I focused my attentions on these rumors specifically and learned that there is a large city somewhere in the mountains on this continent where humans do not go. I was able to gather enough information to tell me that I should head towards an old mage tower to the north east. 

I did find the tower, crumbling and abandoned, with no sign of any recent traveler near by. There was a large road, however, and so I followed that road through the winter and on into summer. Eventually I did see the city I guessed was Barth off in the distance, about two or three days journey away. Deciding to continue that direction the next morning, I foraged for a bit and then made a small camp for the night. A stranger approaced and asked if they could share my fire, and I welcomed them with the offer of a shared meal. During the conversations shared, the stranger told me of an odd meeting he had only two mountain ridges over from where we were, with a group of "those human types, plus two elves, all on a ship with wheels!"

So I turned my head toward the road behind me, and set off the next morning in search of the group I knew to be the traveling companions I searched for. The human natives of the area are kind, if extremely skittish and wary of me. They think I am some sort of spirit-made-flesh, and tend to be almost reverential when I come to them for trade or for news of the area. The land here never goes green, and is constantly wreathed in snow and ice, but they are a hearty folk and I enjoy spending time with them when we encounter one another. 

Recently, they have been speaking to me about a "dark one" off the road to the south, towards the cities. They say that he can be trusted, only in that what he says tends to be true. But they warn that he also talks with bones, which is something that one shouldn't do. They call him "Nanaquin" which I learned means only "not of the ice, not of the people."

It makes me wonder what they call me. 

Regardless though, this Nanaquin seems to be exactly the sort of person that the group I seek would try to find. So maybe I could speak with them to find out how close I am to finally locating the adventurers. 

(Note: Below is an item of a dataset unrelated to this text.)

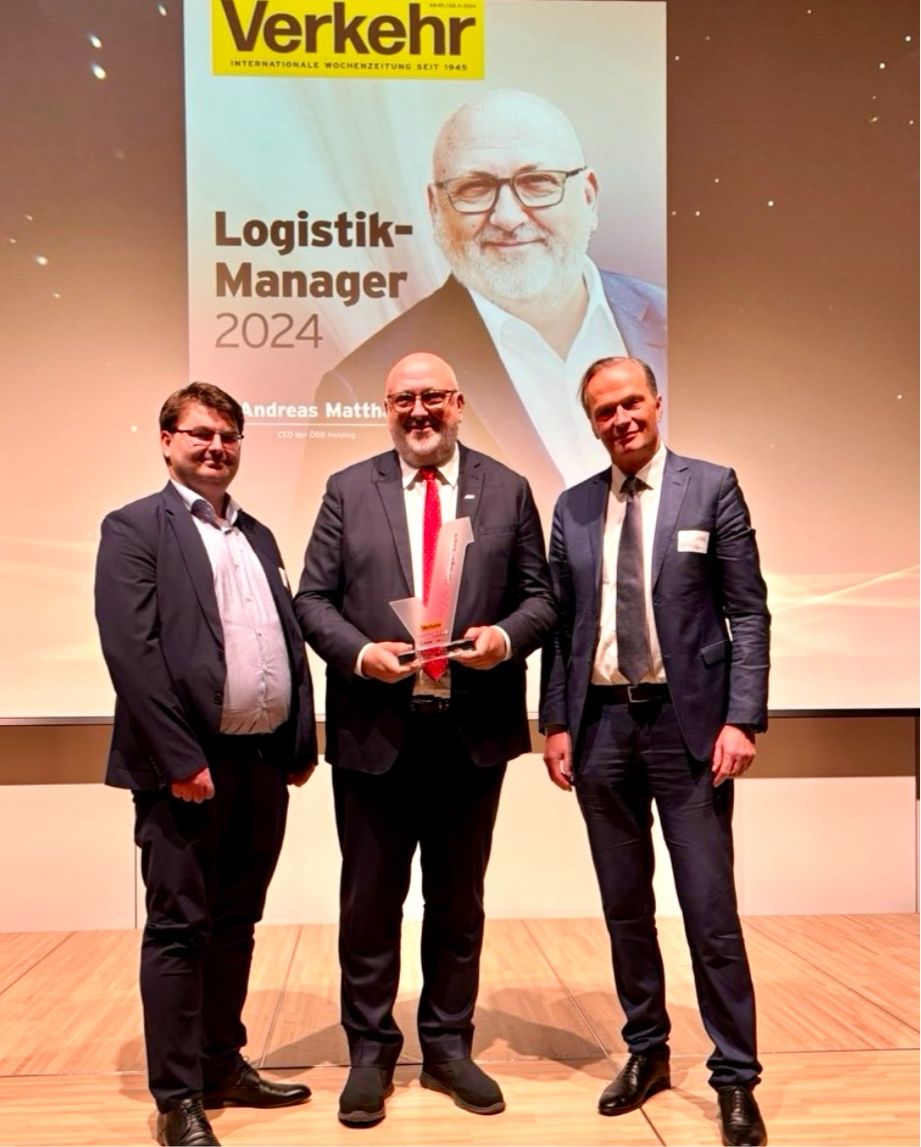 Congratulations, <a href="/AndreasMattha/">Andreas Matthä</a>, on winning the Logistics Manager of the Year 2024 award! Well deserved! 👏

©️ <a href="/unsereOEBB/">ÖBB</a>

I found my way to a house that matched the description that I was given, but there was something that put me ill at ease about it. It was well after nightfall, so I moved cautiously, keeping to the edge of the path, but staying in the shelter and cover of the trees and doing my best to stay silent and stay hidden until I could discover more. There was a clearing with a raging bonfire in the center, but the fire was .. there was a wrongness about it. The flames were not natural colors, and there was a figure moving in slow circles around it, voicing a deep low chanting sound that seemed oddly familiar. That same resonance I felt in my bones when I first woke up in the marshlands. 

It put me on edge and made me instinctively check my weapons and surroudings, which is when I heard something crashing along the road with enough noise that it could wake the dead. After a few more moments, I could hear a number of different voices that seemed to be arguing about who would go up the road and who would stay behind with the supplies. 

I had to smile to myself when I recognized Tobais' voice among them, realizing that I had indeed finally found the group I sought. I smiled too, at the familiarness of it all, to think that this was what they thought of as being stealthy and I moved more into the cover of the trees so that I could make my way closer to them. It was nice to know that some things didn't change. They kept arguing about what their next steps should be, when two of them pointed out that they thought that they noticed something else in the woods as well. Realizing that they meant me, and not wanting to risk being attacked, I stepped out of the shadows silently and told them that they really needed to work on being more quiet. 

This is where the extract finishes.